Pour son premier numéro, Le Pont, revue publiée par Les Joueurs d’Astres Editions, invite ses lecteurs à approcher le grand voyage vers l’Iran, un Iran des mots, des livres, du passé et du présent. Xavier Philiponet fait le premier pas : un voyage à l’âge de 20 ans, avec une caravane et des amis, puis sa rencontre avec la poésie d’Omar Khayyâm, Hafez, Gibran, Rûmi. Emma Peiambari fait le voyage dans l’autre sens : venue d’Iran, elle raconte la rencontre avec l’étranger, ce « miroir inversé », notant l’étrange de l’autre qu’on découvre, et creusant les mots des dictionnaires.
Parmi les articles qui suivent, il y a cette approche de l’autre dans les manuels scolaires iraniens, une étude remarquable et rigoureuse de Saeed Paivandi, et le « deuil sans fond de l’exilé iranien », de Nader Vahabi, analysant le paradoxe entre distance et proximité.
Parmi les nouvelles contenues dans cette revue, j’ai particulièrement apprécié celle de Jacques Thomassaint, « La roulotte », où s’articule l’idée d’une île protégée du continent et qu’un pont va y relier : rencontres, méfiance, attirance, et enfin la liberté qui était impossible arrive… Il y a aussi « Bostanabad », de Foad Saberan, qui pourrait trouver sa place parmi les villes invisibles dont Italo Calvino a fait un livre.

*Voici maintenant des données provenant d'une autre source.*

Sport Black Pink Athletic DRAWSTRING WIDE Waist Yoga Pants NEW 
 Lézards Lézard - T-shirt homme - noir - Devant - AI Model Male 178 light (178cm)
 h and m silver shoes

Et il y a le dossier consacré à Omar Khayyâm, mathématicien, poète, du XIe siècle, dont les auteurs invités dans la revue disent plus la complexité que le simple goût des plaisirs qu’on trouve à son invitation répétée à boire du vin. Une approche systématique de Hassan Makaremi permet d’accéder aux différentes strates des Quatrains. Le récit d’un songe, tiré d’un livre de Xavier Philiponet, permet d’approfondir la pensée du poète à travers trois questions : « L’immoralité est-elle cruciale à tout devenir ? », « L’intuition est-elle le mariage de la raison et du divin ? », « L’innocence est-elle, comme la nature, vouée à puiser en l’instant sa perle féconde, à nourrir cette dernière, à la ciseler et ainsi muter ? ».